HOW TO COMPLETE THIS TASK:
Up to and including the line that contains "Solid Wood Piano", repeat each line of the data exactly, starting from the first.
------------------------------------------------------------------------
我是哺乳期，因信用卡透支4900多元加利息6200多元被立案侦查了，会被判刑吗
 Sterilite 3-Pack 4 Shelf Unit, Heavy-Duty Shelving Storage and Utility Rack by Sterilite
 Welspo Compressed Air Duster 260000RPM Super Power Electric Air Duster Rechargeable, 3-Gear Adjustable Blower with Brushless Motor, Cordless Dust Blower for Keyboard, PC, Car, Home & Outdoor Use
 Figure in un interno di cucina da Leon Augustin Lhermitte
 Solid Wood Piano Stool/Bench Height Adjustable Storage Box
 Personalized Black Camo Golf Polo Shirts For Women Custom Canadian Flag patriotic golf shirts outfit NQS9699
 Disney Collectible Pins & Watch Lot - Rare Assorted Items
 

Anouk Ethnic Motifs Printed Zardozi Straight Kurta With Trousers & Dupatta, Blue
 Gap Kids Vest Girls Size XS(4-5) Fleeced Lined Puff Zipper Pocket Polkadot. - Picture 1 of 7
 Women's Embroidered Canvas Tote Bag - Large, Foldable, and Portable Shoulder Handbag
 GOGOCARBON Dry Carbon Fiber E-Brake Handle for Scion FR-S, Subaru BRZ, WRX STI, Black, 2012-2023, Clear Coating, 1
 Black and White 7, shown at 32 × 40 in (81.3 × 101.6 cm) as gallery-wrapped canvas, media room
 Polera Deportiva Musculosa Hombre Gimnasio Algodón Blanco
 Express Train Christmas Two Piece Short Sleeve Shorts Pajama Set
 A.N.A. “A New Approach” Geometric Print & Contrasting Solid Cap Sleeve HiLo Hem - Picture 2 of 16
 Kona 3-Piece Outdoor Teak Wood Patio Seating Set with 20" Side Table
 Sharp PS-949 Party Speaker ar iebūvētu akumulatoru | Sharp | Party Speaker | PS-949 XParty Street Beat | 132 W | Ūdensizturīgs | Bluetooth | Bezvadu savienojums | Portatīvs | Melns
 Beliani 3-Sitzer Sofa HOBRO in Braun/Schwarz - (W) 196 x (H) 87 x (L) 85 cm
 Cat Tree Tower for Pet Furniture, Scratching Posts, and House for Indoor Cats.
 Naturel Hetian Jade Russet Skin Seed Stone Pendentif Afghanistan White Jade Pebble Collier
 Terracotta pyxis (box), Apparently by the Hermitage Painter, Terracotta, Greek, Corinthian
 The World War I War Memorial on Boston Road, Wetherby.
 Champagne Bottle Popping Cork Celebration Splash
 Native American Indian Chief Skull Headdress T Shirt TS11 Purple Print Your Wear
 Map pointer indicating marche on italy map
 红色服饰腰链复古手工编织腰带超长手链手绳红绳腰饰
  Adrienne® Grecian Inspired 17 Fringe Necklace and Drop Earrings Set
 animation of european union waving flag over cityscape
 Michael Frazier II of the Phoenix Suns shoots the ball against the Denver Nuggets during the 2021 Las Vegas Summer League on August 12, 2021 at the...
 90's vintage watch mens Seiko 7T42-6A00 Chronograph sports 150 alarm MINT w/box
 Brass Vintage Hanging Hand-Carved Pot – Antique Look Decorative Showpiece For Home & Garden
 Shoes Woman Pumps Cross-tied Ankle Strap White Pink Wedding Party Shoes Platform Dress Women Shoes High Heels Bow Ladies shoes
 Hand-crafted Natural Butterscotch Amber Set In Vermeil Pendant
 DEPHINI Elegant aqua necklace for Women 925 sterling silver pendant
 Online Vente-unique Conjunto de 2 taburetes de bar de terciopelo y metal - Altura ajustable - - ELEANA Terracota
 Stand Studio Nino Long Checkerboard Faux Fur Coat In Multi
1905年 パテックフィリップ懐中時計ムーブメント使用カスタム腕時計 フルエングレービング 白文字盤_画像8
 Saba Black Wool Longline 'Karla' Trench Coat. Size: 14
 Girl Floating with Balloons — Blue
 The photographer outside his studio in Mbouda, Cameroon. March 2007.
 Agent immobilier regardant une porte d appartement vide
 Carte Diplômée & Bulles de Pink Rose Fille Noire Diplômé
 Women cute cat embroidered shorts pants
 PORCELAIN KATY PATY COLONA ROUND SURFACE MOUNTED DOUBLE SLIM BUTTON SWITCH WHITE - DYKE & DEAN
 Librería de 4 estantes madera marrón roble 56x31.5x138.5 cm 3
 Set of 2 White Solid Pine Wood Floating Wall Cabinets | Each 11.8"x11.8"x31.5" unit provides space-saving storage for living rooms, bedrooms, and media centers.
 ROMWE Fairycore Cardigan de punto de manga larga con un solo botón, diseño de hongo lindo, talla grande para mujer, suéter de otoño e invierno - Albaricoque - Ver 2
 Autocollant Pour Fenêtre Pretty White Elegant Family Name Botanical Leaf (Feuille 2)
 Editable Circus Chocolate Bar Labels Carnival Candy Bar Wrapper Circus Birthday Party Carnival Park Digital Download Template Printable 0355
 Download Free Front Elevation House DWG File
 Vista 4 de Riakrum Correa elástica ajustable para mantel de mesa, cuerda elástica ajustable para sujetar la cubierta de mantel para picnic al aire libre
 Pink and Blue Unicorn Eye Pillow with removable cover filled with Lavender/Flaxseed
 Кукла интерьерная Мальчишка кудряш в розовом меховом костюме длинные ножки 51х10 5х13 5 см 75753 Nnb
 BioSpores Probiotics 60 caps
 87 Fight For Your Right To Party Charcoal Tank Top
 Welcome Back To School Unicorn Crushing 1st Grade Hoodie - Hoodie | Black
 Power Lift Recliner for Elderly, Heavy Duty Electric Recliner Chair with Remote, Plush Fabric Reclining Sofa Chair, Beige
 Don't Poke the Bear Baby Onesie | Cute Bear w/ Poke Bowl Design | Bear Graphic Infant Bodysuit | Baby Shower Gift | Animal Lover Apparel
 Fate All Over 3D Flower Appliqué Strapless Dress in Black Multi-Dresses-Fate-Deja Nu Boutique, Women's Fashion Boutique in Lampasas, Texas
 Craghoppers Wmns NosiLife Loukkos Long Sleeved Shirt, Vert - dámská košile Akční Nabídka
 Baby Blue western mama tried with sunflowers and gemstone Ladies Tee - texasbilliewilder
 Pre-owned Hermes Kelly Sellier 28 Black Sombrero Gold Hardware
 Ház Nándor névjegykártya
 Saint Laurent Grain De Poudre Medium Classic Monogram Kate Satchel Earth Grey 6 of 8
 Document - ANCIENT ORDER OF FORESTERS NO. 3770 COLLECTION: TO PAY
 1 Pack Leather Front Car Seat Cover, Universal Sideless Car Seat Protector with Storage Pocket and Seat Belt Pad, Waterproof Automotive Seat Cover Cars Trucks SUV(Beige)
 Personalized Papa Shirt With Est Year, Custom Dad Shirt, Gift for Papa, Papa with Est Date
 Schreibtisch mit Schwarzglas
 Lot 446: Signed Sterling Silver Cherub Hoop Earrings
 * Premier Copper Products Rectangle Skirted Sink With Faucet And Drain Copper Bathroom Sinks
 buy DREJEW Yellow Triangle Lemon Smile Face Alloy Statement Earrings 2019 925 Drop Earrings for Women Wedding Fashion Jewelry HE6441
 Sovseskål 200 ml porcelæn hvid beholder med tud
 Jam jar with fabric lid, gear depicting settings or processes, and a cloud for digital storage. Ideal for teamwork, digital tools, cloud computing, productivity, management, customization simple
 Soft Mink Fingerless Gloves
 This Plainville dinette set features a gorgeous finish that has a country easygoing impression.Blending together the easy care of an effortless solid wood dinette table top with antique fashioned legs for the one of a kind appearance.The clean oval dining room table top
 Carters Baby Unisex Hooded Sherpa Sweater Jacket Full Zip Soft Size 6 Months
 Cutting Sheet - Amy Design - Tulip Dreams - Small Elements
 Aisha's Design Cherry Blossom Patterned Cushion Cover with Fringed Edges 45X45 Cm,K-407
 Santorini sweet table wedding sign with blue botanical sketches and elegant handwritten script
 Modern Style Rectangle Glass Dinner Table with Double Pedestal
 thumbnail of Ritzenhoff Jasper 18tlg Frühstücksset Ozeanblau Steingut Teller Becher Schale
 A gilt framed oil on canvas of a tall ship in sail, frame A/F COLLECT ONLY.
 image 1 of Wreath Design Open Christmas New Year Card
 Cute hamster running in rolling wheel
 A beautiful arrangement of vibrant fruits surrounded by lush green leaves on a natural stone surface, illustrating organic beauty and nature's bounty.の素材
------------------------------------------------------------------------
TASK OUTPUT:
我是哺乳期，因信用卡透支4900多元加利息6200多元被立案侦查了，会被判刑吗
 Sterilite 3-Pack 4 Shelf Unit, Heavy-Duty Shelving Storage and Utility Rack by Sterilite
 Welspo Compressed Air Duster 260000RPM Super Power Electric Air Duster Rechargeable, 3-Gear Adjustable Blower with Brushless Motor, Cordless Dust Blower for Keyboard, PC, Car, Home & Outdoor Use
 Figure in un interno di cucina da Leon Augustin Lhermitte
 Solid Wood Piano Stool/Bench Height Adjustable Storage Box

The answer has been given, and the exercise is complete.